Une quinzaine de professionnels des médias, selon les informations de RSF, ont aussi été victimes de campagnes de cyberharcèlement en raison de leur travail. Plusieurs journalistes internationaux envoyés en reportage au Soudan ont quant à eux fait état auprès de RSF de la surveillance constante lors de leurs déplacements de l’armée seule habilitée les autorisations pour se rendre dans le pays.

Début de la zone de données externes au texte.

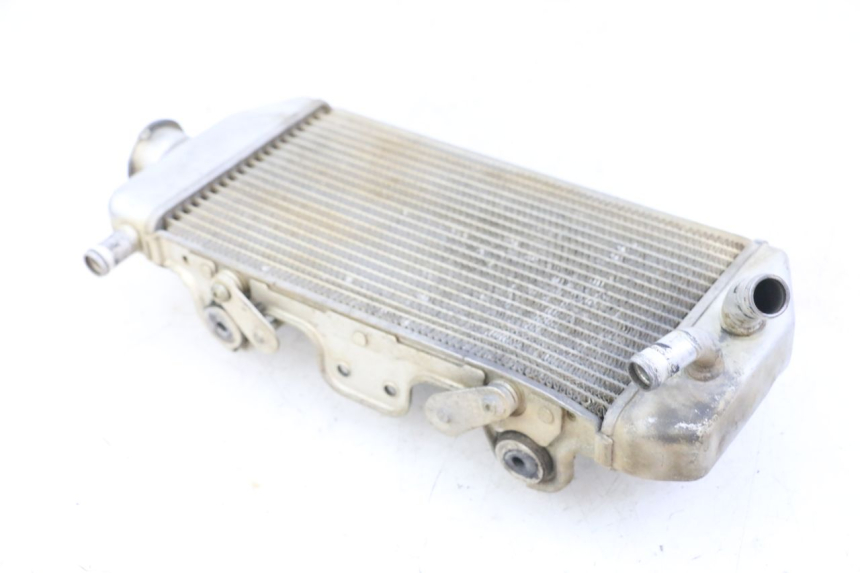 photo de PRAWY CHŁODNICA YAMAHA YZ-F YZF 250 (2007 - 2013) - Zbliżenie techniczne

- À El-Fasher, au Darfour-Nord, un front sans information
Le Darfour-Nord apparaît comme l’une des pires zones du pays pour les professionnels des médias, alors que les FSR comme l’armée commettent des massacres contre les civils. “Cette guerre a contraint les meilleurs journalistes d’El-Fasher à fuir pour des raisons sécuritaires et économiques” déplore Mohamed Chouaib. Si le reporter pour la page Facebook d’actualité locale Salateen News Network a lui-même quitté le chef-lieu du Darfour-Nord en septembre 2024, il a choisi d’en rester le plus proche possible. Dans le camp environnant de Zamzam, frappé par la famine, il poursuit sa mission d’information en dépit des incursions meurtrières des FSR qui assiègent la zone, la dernière du Darfour contrôlée par l’armée régulière.
Les témoignages recueillis par RSF au Darfour-Nord font également état de censure, de surveillance constante, de menaces visant les sources des journalistes et de coupures Internet. Parmi huit chaînes régionales arabes d’information disposant de correspondants à l’intérieur du pays (Al-Qahera News, Al-Araby, Al-Ghad TV, Al-Hurra, Al-Ekhbariya, Al-Jazeera, Al-Sharq, Al-Hadath), seule la chaîne saoudienne Al-Hadath collabore avec un journaliste au Darfour. Les autres journalistes locaux de ces chaînes sont basés à Port-Soudan et dans l’agglomération de Khartoum. Le reporter Mohamed Chouaib refuse quant à lui de quitter le Darfour-Nord. “Il est de notre devoir professionnel et humain de rester à El-Fasher pour informer le monde et donner une voix aux victimes assiégées” soutient-il, avant de conclure que “c’est l’essence même du journalisme”.
Contactés par RSF, les porte-parole de l’armée soudanaise et des FSR n’ont pas répondu aux sollicitations de l’organisation.